Once a dot-com darling, Celestica saw its business shrink in the early 2000s, with its share price plummeting in turn. But the company managed an admirable recovery in the early 2010s and has been showing consistent growth for years now, in turn rewarding investors who saw CLS more than double in value between 2012 and 2017.
But after reaching a high of $19.94 in the spring of 2017, CLS proceeded to slip even lower this past year, starting in July where it tumbled from a high of $16.50 to where it currently sits in the $12.00 range. Celestica hasn’t participated in the new year rally to any measurable extent, either, leaving investors rightfully cagey. Not to worry, says Cockfield.
“This is a company that got sold off quite aggressively for no particular reason at all,” says Cockfield, managing director and portfolio manager for Northland Wealth Management, to BNN Bloomberg. “It’s a growth stock, and what often happens in a correction like this is, if you’ve got a reasonable dividend it tends to form a reasonable base for a [stock]. But if you’re not paying a dividend — and I don’t think Celestica does — and it’s a growth stock and if you’ve become concerned in a correction that somehow we’re going to have a recession and there’ll be no growth, these stocks become more volatile, usually on the downside.”
Celestica last reported its earnings in October, where the company posted third quarter results in line with expectations and including adjusted earnings of $0.26 on revenue of $1.71 billion, a 12 per cent year-over-year top line increase. At the time, CEO Rob Mionis said the realignments undertaken by the company in terms of cost efficiencies and focusing on the business strengths were bearing fruit and that Celestica would be entering 2019 in a strong position.
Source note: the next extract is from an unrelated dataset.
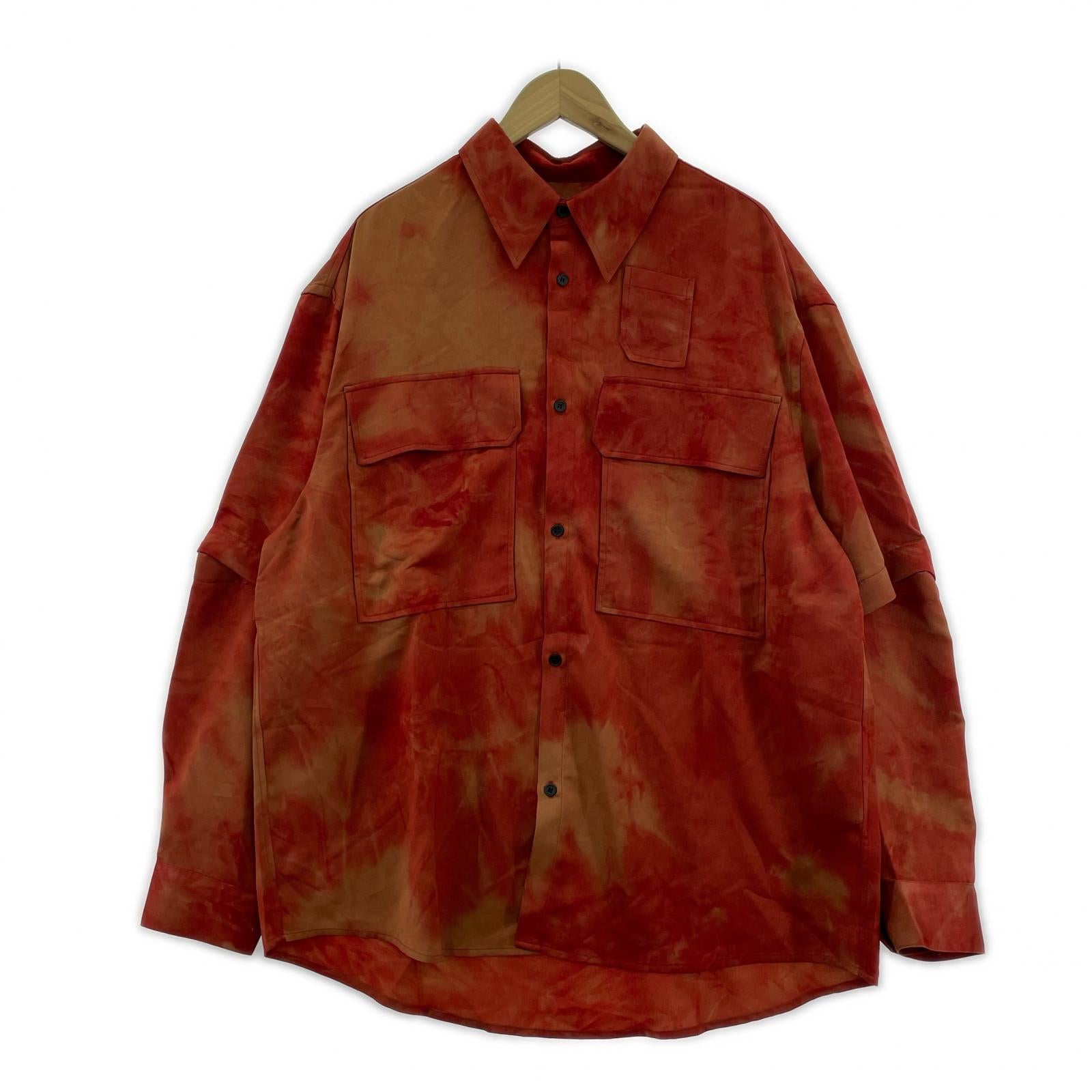 長袖シャツ FFIXXED STUDIOS タイダイシャツジャケット M レッド M レッド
“Celestica delivered solid revenue growth in both our Advanced Technology Solutions and Connectivity & Cloud Solutions segments in the third quarter, as well as continued sequential expansion of our consolidated margin,” Mionis said. “We were particularly pleased with the performance of our CCS business, which delivered steady margin improvements each quarter this year. As we finish 2018, we are excited with the progress we are making on our strategy launched three years ago to diversify our revenue mix and deliver better overall financial performance.”
The company made news in October with the acquisition of Silicon Valley-based Impakt Holdings for US$329 million, a deal which was closed in November.
“There’s absolutely nothing wrong with Celestica,” says Cockfield. “Their prospects are quite good. If you own it, I’d certainly hold onto it, and I think you can even add to it at this particular point in time because the multiple is quite reasonable.”